Quizá ya había reflexionado usted sobre la figura femenina de la Iglesia. La instituye Cristo en la cruz. Se la deja, in extremis, a san Juan Evangelista. Es su propia mamá. Dolorosa, pero enhiesta. Bajo la cruz, llorando el asesinato del Amor, pero humanísima, celebrando ya la libertad de los redimidos por su preciosa Sangre.
El Papa Francisco acaba de volver sobre este tema. La Iglesia –dijo—es mujer. Se le dice “la Iglesia”, no “el” Iglesia. ¿Se trata, solamente, de un artículo determinado femenino singular, contra uno igual pero masculino? Obviamente es algo mucho más de fondo: se trata de la adhesión a nuestra Madre.
Gaston Bachelard –un matemático y filósofo francés—hablaba mucho de los grandes sueños, de las figuras íntimas que la mayor parte de los seres humanos traemos en nuestra alma. Sin duda, una de ellas es la de nuestra mamá. Está ahí, en el rincón no de la memoria (ésa solamente alcanza para el 10 de mayo), sino de la honda constitución psíquica de nuestro ser. No es explicable. Tampoco justificable. Está presente, durante toda la vida.

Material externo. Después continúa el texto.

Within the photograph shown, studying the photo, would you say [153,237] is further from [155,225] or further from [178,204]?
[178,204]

Por eso Francisco explicaba en el avión que lo llevaba a Manila que si el doctor su amigo insultaba a su mamá, podía esperar un puñetazo por respuesta. Era la mamá biológica y la mamá espiritual. “Nadie puede tener a Dios por Padre si no tiene a la Iglesia por Madre”, expresó, en los albores del cristianismo, San Cipriano de Cartago. Pero parece que hoy no existe ni la más remota conciencia de ello.
Así como el poeta brasileño Murilo Méndes quería –tras su conversión en 1934—“restaurar la poesía en Cristo”, también nosotros podríamos ejercer presión sobre nuestra fe para restaurar a la Iglesia en María. En la mujer.